Except for images, print the whole listing verbatim.
■ ■ ■ ■
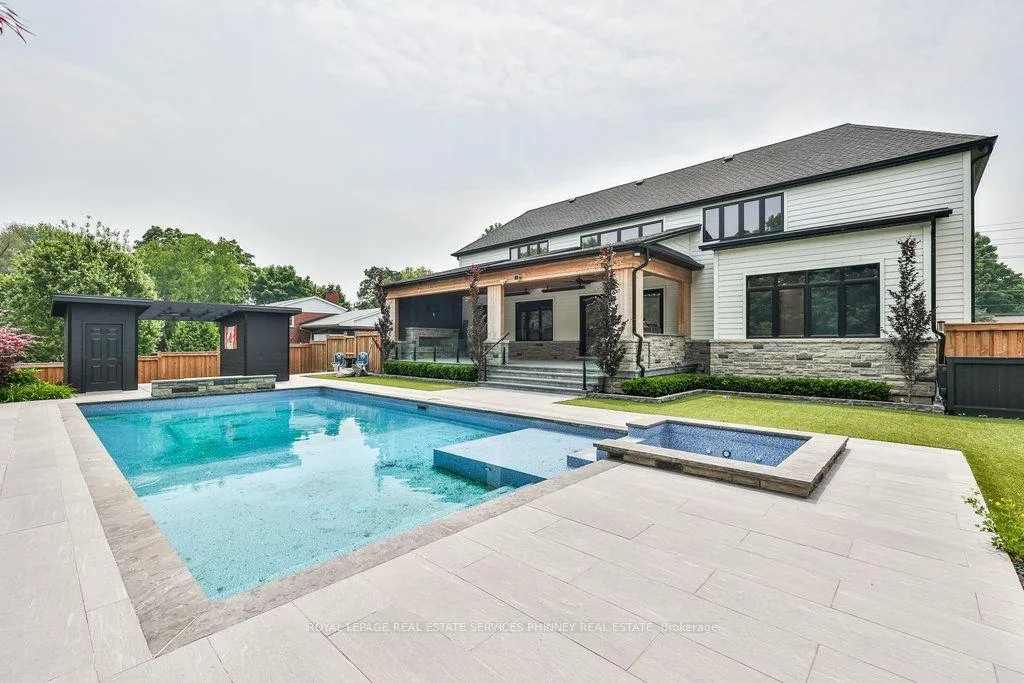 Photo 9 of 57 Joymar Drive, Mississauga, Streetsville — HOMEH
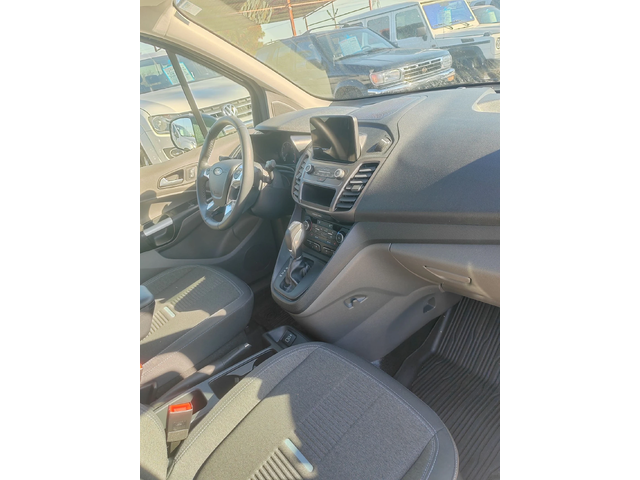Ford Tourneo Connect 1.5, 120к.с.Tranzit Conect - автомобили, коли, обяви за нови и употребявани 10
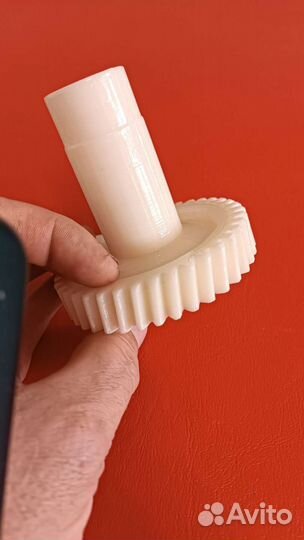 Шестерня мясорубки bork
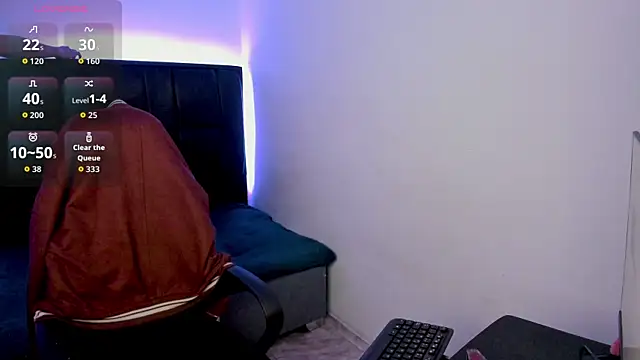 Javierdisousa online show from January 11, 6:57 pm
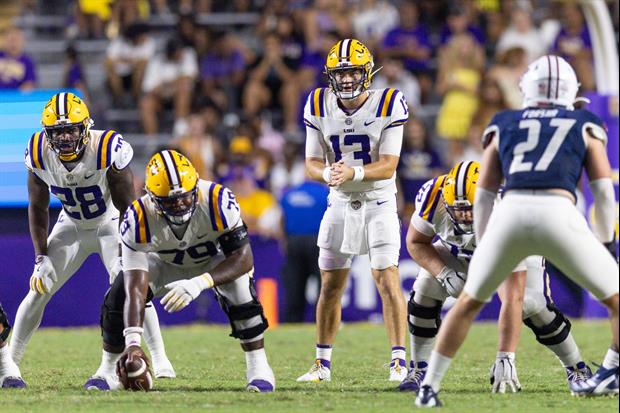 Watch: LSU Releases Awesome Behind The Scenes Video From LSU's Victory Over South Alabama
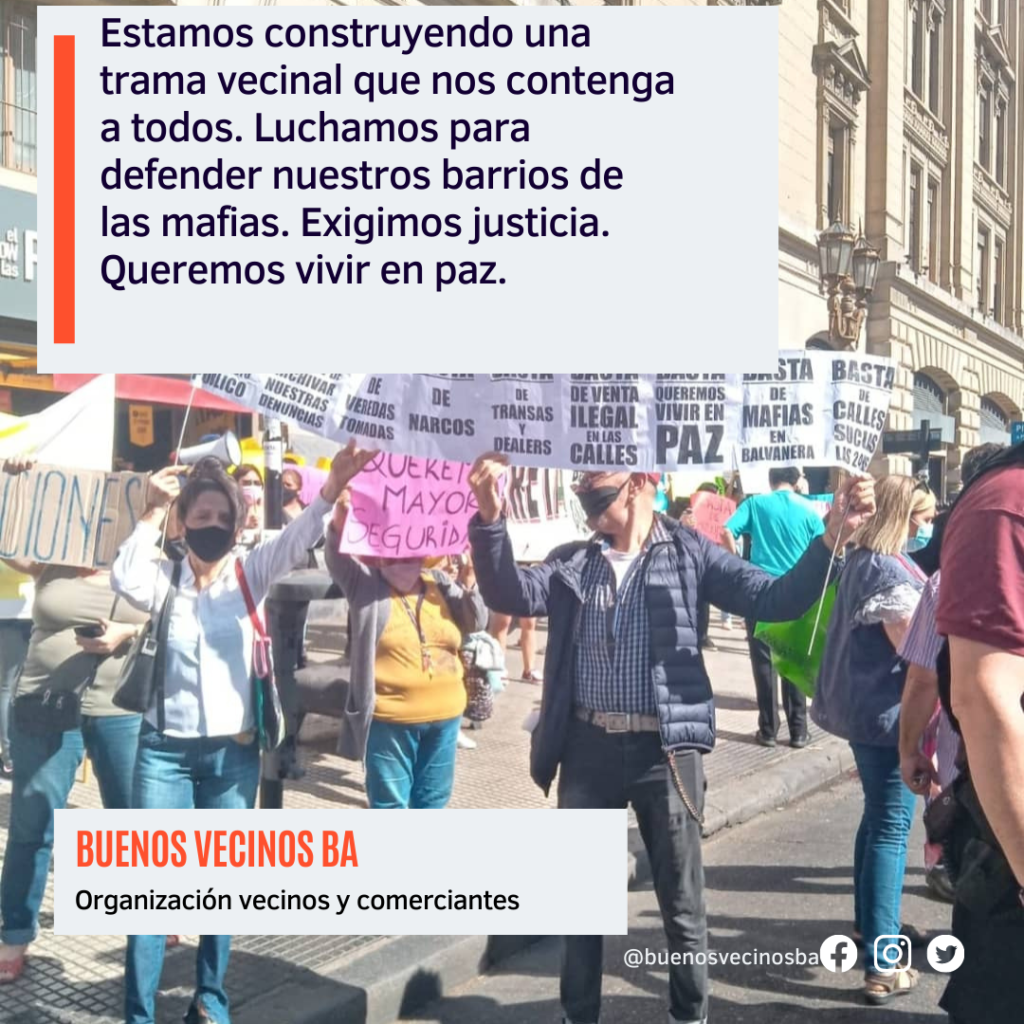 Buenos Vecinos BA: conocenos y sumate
■ ■ ■ ■
- _Response box_
 Photo 9 of 57 Joymar Drive, Mississauga, Streetsville — HOMEH
Ford Tourneo Connect 1.5, 120к.с.Tranzit Conect - автомобили, коли, обяви за нови и употребявани 10
 Шестерня мясорубки bork
 Javierdisousa online show from January 11, 6:57 pm
 Watch: LSU Releases Awesome Behind The Scenes Video From LSU's Victory Over South Alabama
 Buenos Vecinos BA: conocenos y sumate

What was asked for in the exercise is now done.